I’ve figured out why watching snow fall is so mesmerizing.
Specifically the days when it’s snowing and there’s no wind. When the flakes are drifting down silently all around you and you can’t help but feel like something is off.
It’s because there’s so much movement and yet no sound.
It’s a bizarre paradox.
With any other substance, that amount of movement at least makes some noise.
Think about it. Rain…leaves…pudding. Gross.
But with snow it’s dead silent, and that makes you feel weird.
It’s the same with a morning train.
We’re like sardines in there. But no one talks.
When was the last time you were packed into anywhere with a bunch of people and they were all completely, voluntarily silent?
Don’t say the morning train, I just said that.
Ok, an elevator, but that’s a tiny group, It’s different.
Anywhere else with that many people, they would be mouthing off about the stupidest things. There would be some jerk hooting out things that he thinks other people think is funny and two women arguing in another language, and a bunch of other idiots (friends) disturbing everyone (having a conversation.)
All of it loud.
We’re loud beings. We think we have a lot of important things to say.

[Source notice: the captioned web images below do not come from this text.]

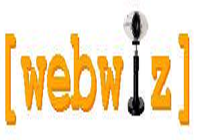 [webwiz]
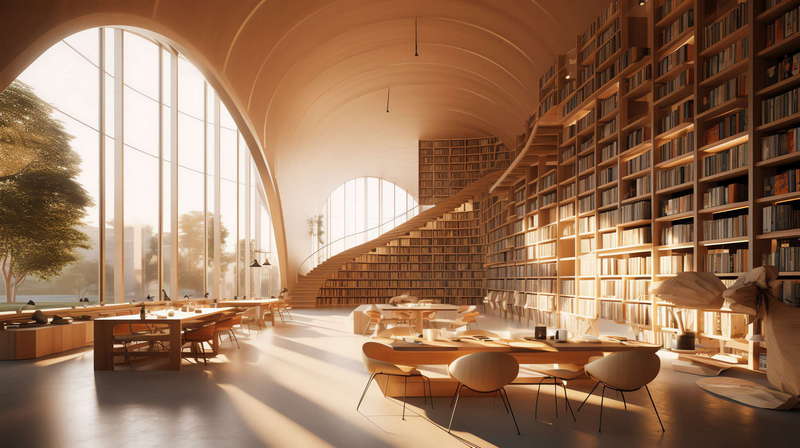 图片[28]-全球设计案例智能库_OJBKAI.COM艺术前卫图书馆Midjourney灵感图库-_设计智库－全球设计案例智能库_OJBKAI.COM-全球设计案例智能库_OJBKAI.COM设计智库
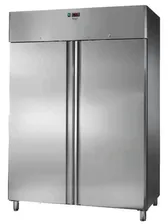 Шкаф морозильный Apach F1400BT Dom Plus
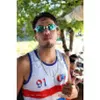 Avatar geovanne_uchoa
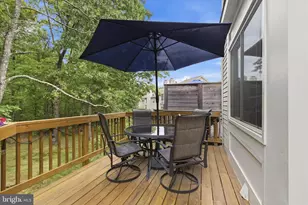 13062 Quartz Ln, Clifton, VA 20124 - Photo 14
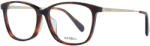 MAX&Co. MO 5024-F 052 54 Női szemüvegkeret (optikai keret) (MO 5024F 052)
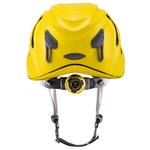 Каска Kailas Selma II Climbing Helmet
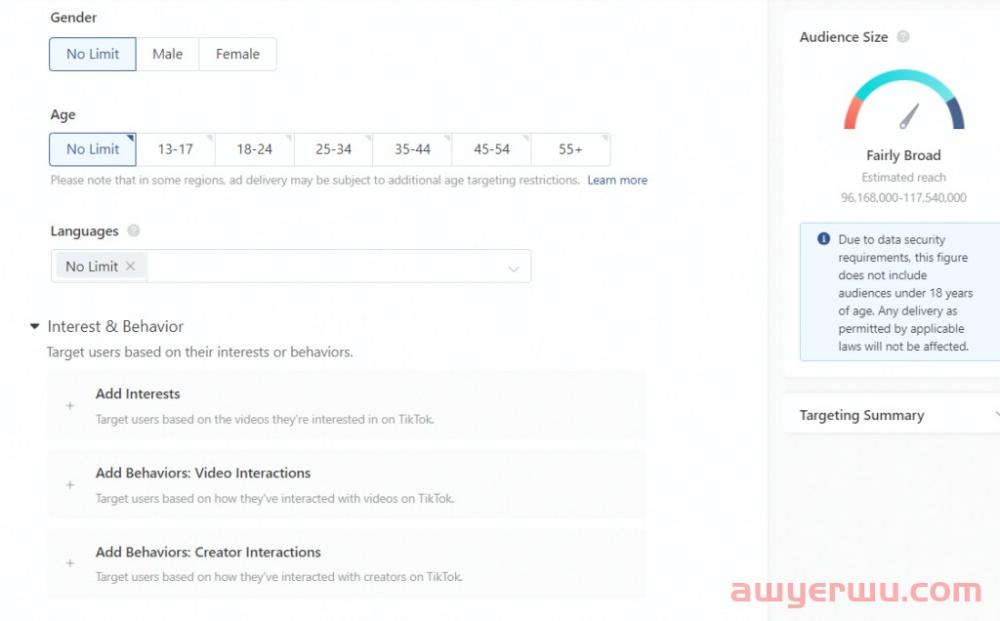 如何通过 TikTok广告增加您的亚马逊销售额 第6张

Obviously this is exactly what happens on the Subway at any other time.
But something about a subway in the morning subdues us.

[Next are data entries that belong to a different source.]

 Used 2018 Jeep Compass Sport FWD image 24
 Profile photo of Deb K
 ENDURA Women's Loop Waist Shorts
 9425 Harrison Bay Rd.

It’s like when you spray smoke into a beehive, they all just chill out.
That’s what it feels like, people are lucid, they’re awake, and you can hear a buzz of music in their ears but they’re all just packed in there with dead eyes, letting the train have it’s way.
The guy next to me had to clear his throat and he was embarrassed because it was so loud.

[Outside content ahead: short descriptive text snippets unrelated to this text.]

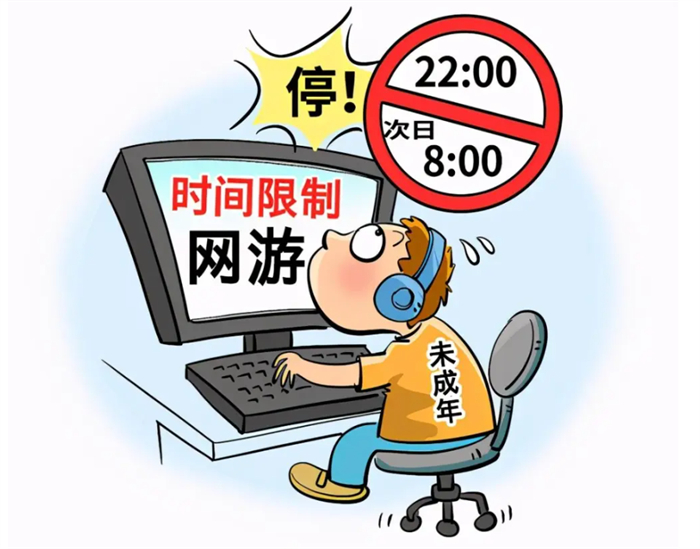 图片4.jpg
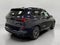 2026 BMW X5 M60i Sports Activity Vehicle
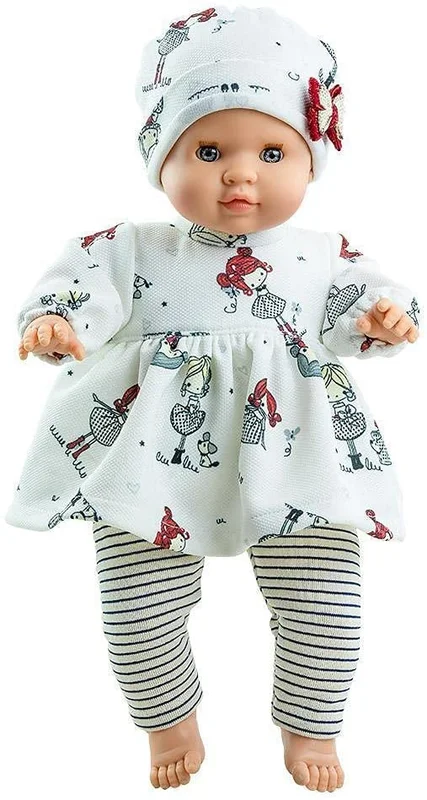 littlegoosetoys1916701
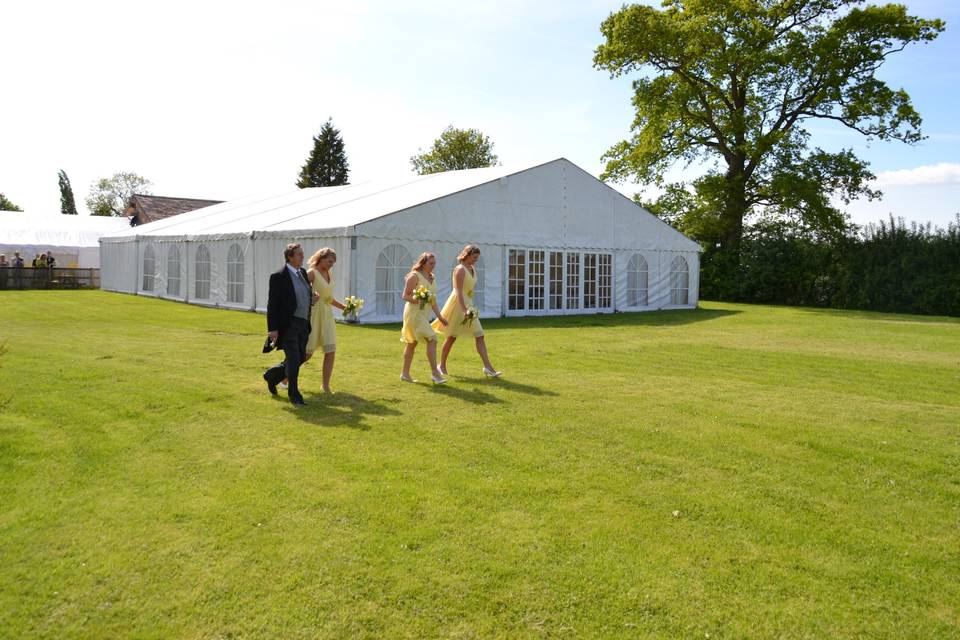 The Royal Arms Hotel 57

Embarrassed. For coughing on the subway.
He coughed once.
Coughed again. Louder.
Then he lowered his head and shook it in dismay.
On the New York Subway. A place where mothers scream obscenities unabashedly at their children.
Where I’ve witnessed a woman pull out a dirty little sack of cashews and crush each of them diligently against her single remaining tooth with her thumb.
Where men sit in piles of their own feces and urine, the smell strong enough to clean out the entire car except for the one sad soul who didn’t register that it being completely empty was a sign that maybe I shouldn’t get on, and then once I did notice, the door had already closed and I was trapped in a putrid cloud of everything this man’s body had rejected for the past 3 years.
He was embarrassed to cough.
That’s the magic of the morning train.